Work task: Type out the listing below exactly. Pictures stay out of it.

Raw data:
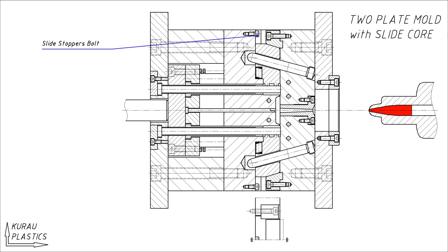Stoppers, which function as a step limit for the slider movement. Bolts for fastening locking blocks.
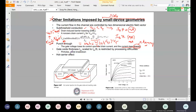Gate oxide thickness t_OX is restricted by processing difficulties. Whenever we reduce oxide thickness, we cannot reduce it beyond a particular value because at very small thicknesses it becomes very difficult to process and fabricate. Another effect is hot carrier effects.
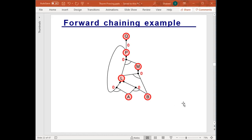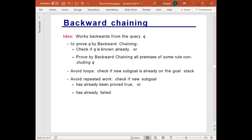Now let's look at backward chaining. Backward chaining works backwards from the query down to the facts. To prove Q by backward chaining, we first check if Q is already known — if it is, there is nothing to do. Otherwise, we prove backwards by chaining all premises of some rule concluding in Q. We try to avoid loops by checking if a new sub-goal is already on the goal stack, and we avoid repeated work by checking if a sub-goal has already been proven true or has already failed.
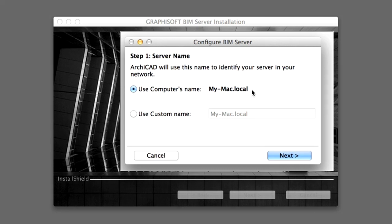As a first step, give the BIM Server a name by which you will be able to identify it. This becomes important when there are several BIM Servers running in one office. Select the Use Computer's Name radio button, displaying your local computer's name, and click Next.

Answer to this exercise:
Stoppers, which function as a step limit for the slider movement. Bolts for fastening locking blocks.
Gate oxide thickness t_OX is restricted by processing difficulties. Whenever we reduce oxide thickness, we cannot reduce it beyond a particular value because at very small thicknesses it becomes very difficult to process and fabricate. Another effect is hot carrier effects.
Now let's look at backward chaining. Backward chaining works backwards from the query down to the facts. To prove Q by backward chaining, we first check if Q is already known — if it is, there is nothing to do. Otherwise, we prove backwards by chaining all premises of some rule concluding in Q. We try to avoid loops by checking if a new sub-goal is already on the goal stack, and we avoid repeated work by checking if a sub-goal has already been proven true or has already failed.
As a first step, give the BIM Server a name by which you will be able to identify it. This becomes important when there are several BIM Servers running in one office. Select the Use Computer's Name radio button, displaying your local computer's name, and click Next.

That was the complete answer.